Word of this extraordinary turn of events reached Demetrius while he was involved in wrecking the country surrounding Ambracia and he realized at once that he might soon find himself with Pyrrhus and his victorious army, heavily bolstered by Aetolian reinforcements, coming in behind him from the south while the rest of the Epirot national army mobilized to his front. Such an unattractive prospect ensured a rethink and saw the invasion army turn in its tracks to return to Macedonia by the quickest route. In his time in enemy country Demetrius’ men ‘had wrought great destruction’, behaviour that Pyrrhus considered unprovoked, undertaken without reason or warning and that alone would have warranted payback, but beyond this the issue of Corcyra and Leucas still rankled. So after the Epirot king marched back home, his brows decked with triumphant wreaths donated by his thankful Aetolian allies, he was possessed of two particular reasons to desire to wreak his revenge on his Antigonid enemy. Not only had this old comrade trashed his homeland, he had also filched his wife and made himself master of her island dowry. Nor did he have to wait long to scratch this itch. As the summer of 289 waned, tidings seeped through to Ambracia that the Macedonian king had fallen seriously ill. Resentment still palpable, he lost no time in determining to hit back. Resolving to attack while his opponent was unprepared, he probably came through the Pelium pass into upper Macedonia, though only in raiding strength. Yet if his initial intention had been just plunder, when he experienced little opposition and even a considerable welcome from many of the local bigwigs in the upper cantons the sweep of his ambitions expanded. Ruthless and bold, how far would he be prepared to go? Strategy was always open to evolution and he may have been considering more than just a raid as he pressed on over fir-dotted slopes and through productive valleys all the way to Edessa, the gateway to the lowlands round Pella where Demetrius might be expected to have his strongest support and plenty of armed men on which to call.
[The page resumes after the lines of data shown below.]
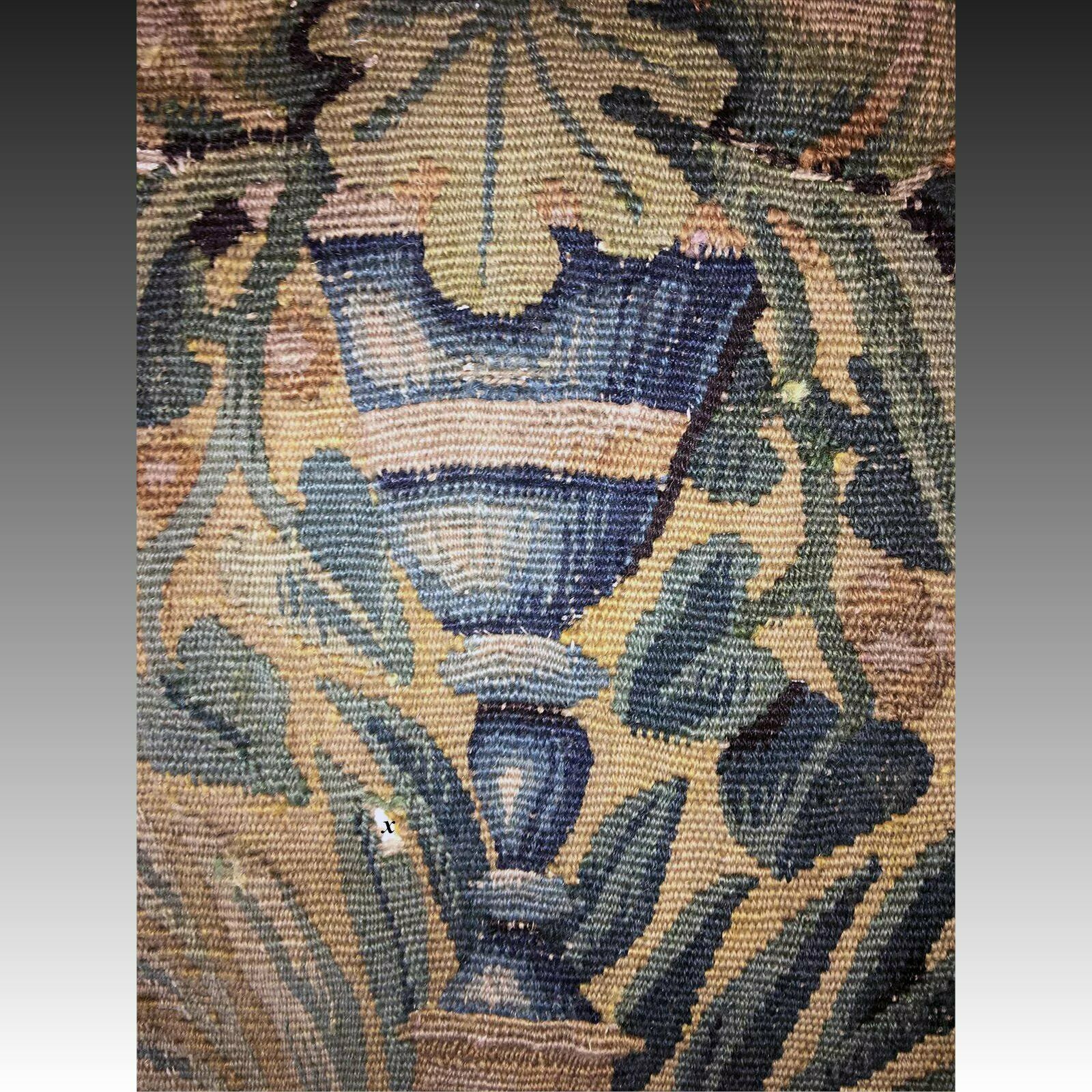 Antique Flemish Tapestry Fragment, Panel, Chalice or Goblet & Leaves, 10.5" Sq.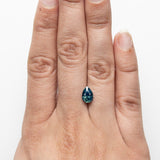 Pear Cut 1.58ct Blue/Teal Sapphire - Lelya - bespoke engagement and wedding rings made in Scotland, UK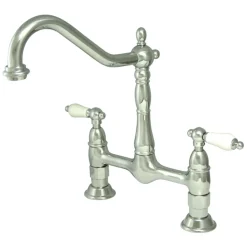 Online Heritage Deck Mount Kitchen Bridge Faucet Bridge Faucets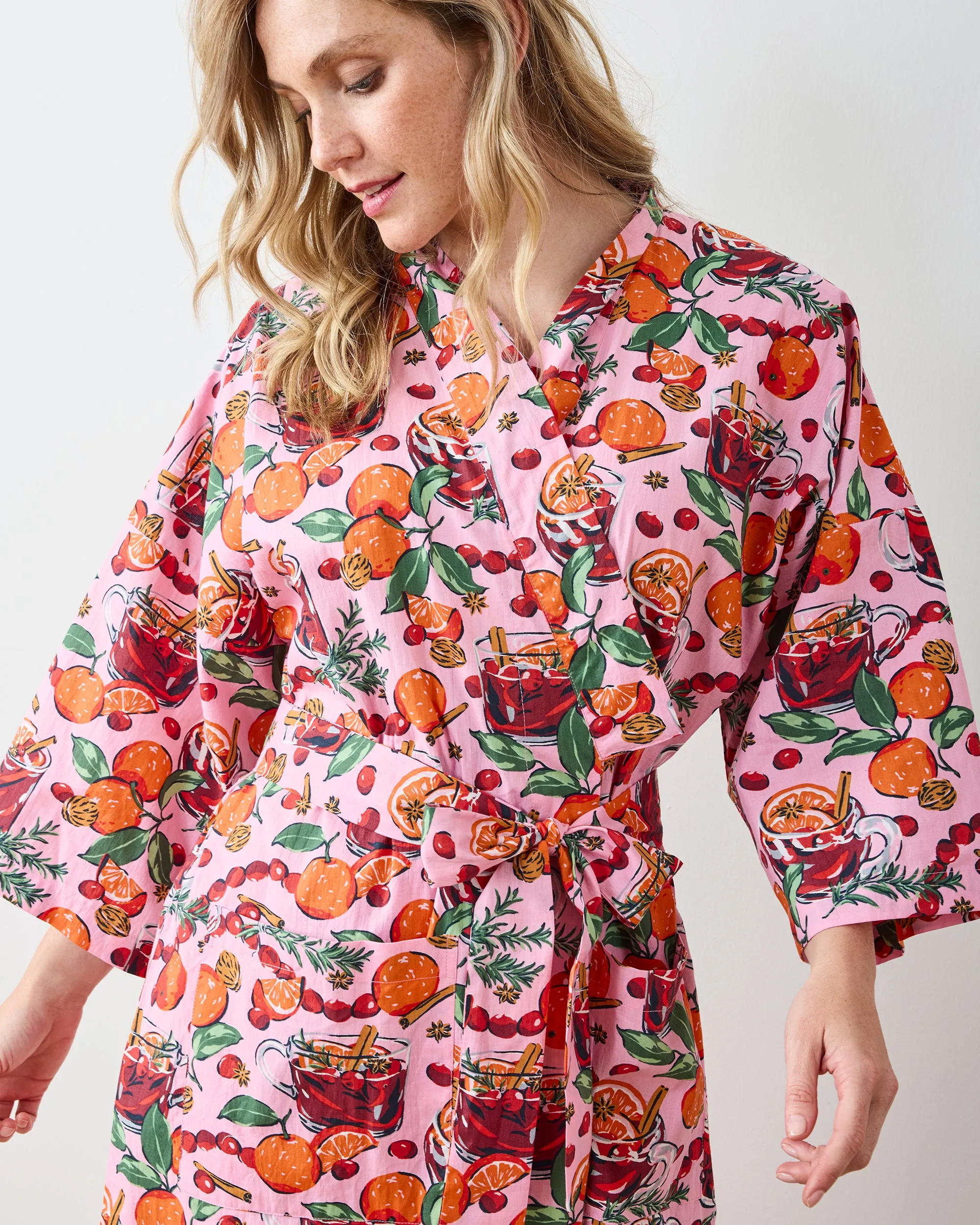 Mulled Wine - Long Robe - Pink Tinsel sold by Printfresh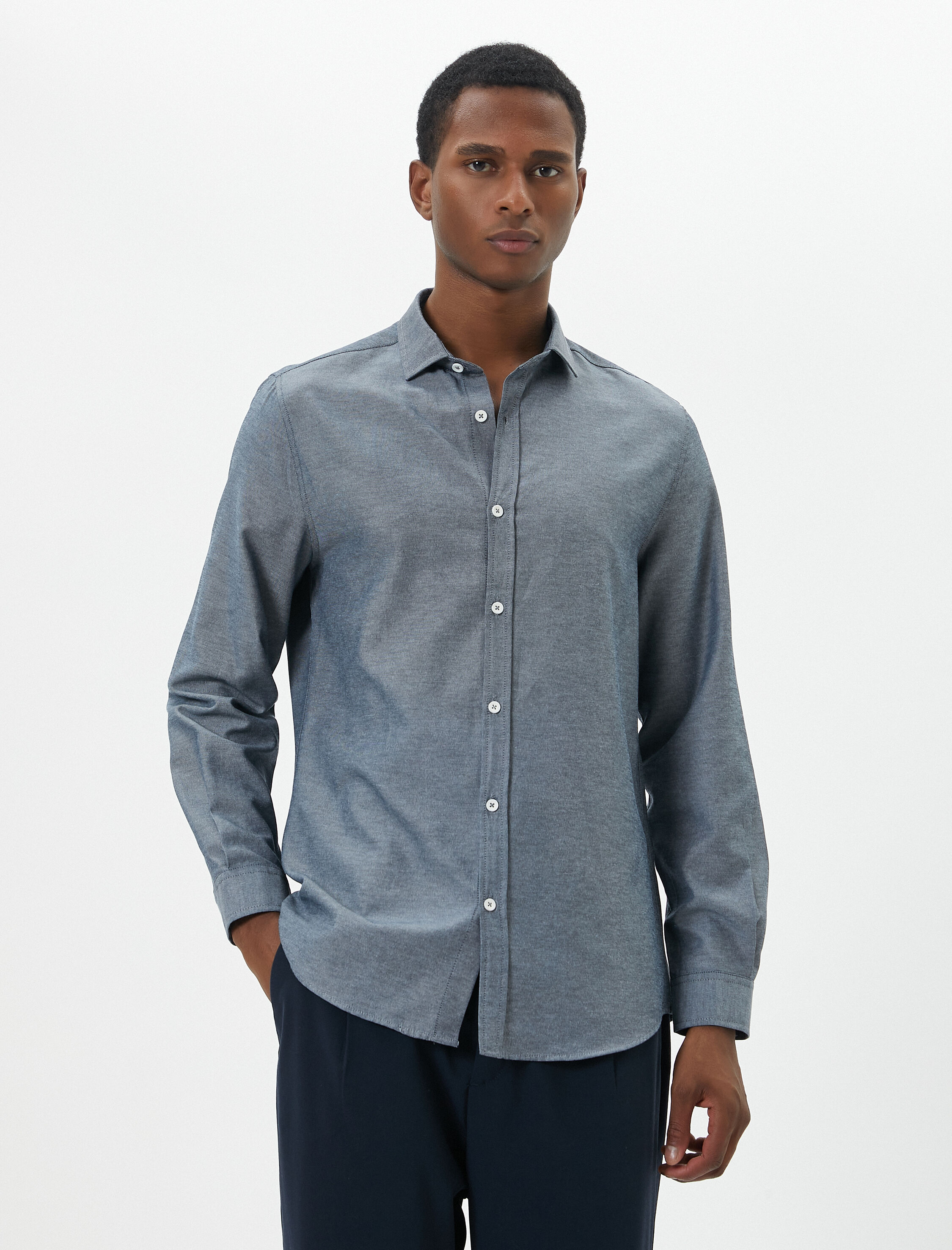   Yarım İtalyan Yaka Gömlek Slim Fit Uzun Kollu Düğmeli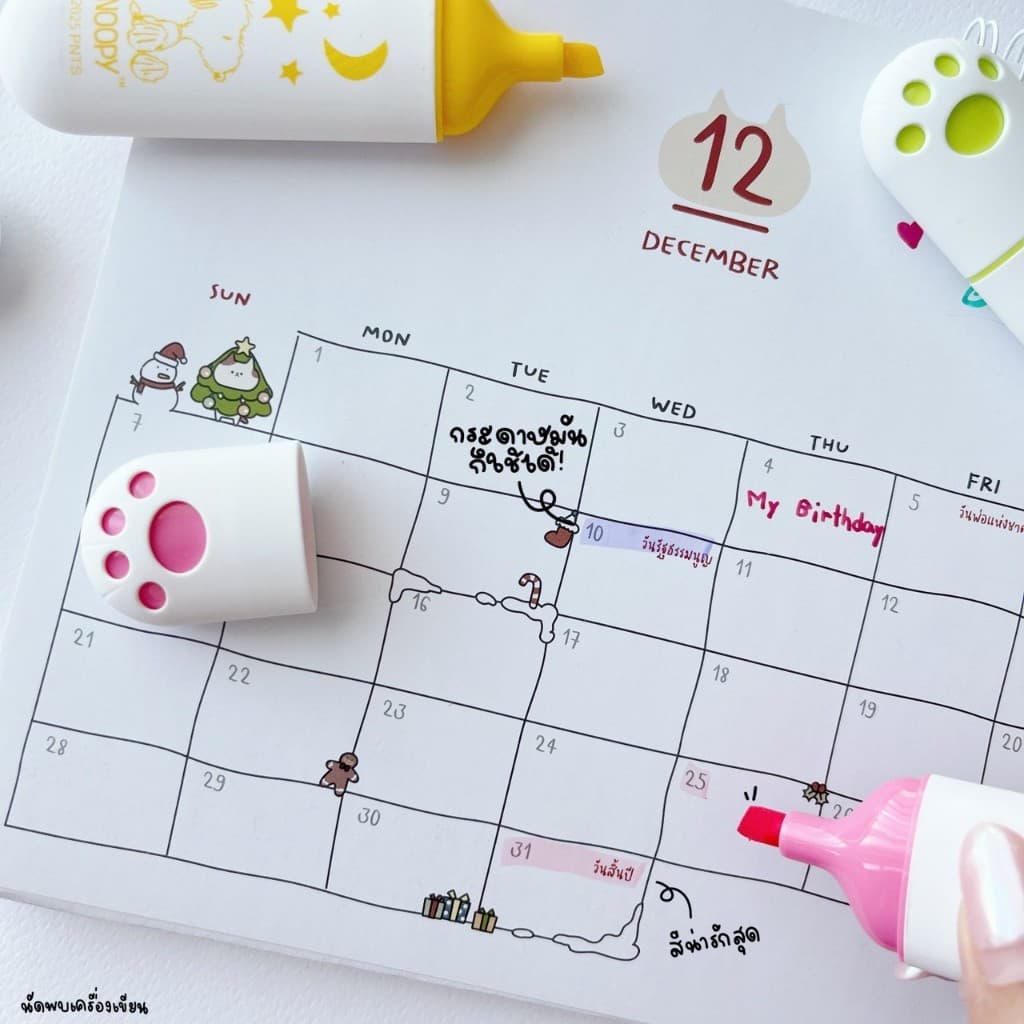 Sakiso ปากกาเน้นข้อความ ไฮไลท์ Peanut Snoopy รูปที่ 3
What the king of Macedonia was suffering from is unclear, but if initially debilitating, his condition was not of long duration and soon enough he was capable of directing his senior generals to mobilize the home army and construct a successful defence. When the intruders got wind of the magnitude of this response, any hopes of driving out Demetrius or occupying the whole country were swiftly discarded, so when Pyrrhus’ lookouts came in with reports of myriad troops tramping the road west from Pella to Edessa for the invading monarch, it was enough. No longer interested in any perilous gamble, he gave orders to pack up their tents, gather their booty and retrace their steps back home. However, his men were slapdash and dilatory, allowing the forward units of the Antigonid army to catch them on the march and the officers in charge, familiar with the country, made them pay. Horsemen and light troops fell on the rear of the train and considerable losses were sustained, even if it seems there was never any danger of the army being cut off and eliminated. Yet it was still a tattered outfit that re-crossed the border and began to recruit reinforcements to ensure they would be prepared if Demetrius arrived with a bristling response to the recent invasion of his kingdom. However, it turned out that the mercurial monarch of Macedon was disinclined to concentrate his efforts on punishing his refractory neighbour. He had other things on his mind, and to embark on these projects he needed peace, particularly as winter was closing the passes and would make any penetration of Epirus very chancy. So envoys were dispatched, riding through the sharp autumn winds whistling through the lofty terrain that separated the two countries. Negotiations at Pyrrhus’ camp were no doubt fairly perfunctory because it seems that not much more than a guarantee of the status quo was the upshot. Whether Corcyra was on the agenda we do not know, but there is certainly no strong evidence that the island was disgorged by Demetrius at this time.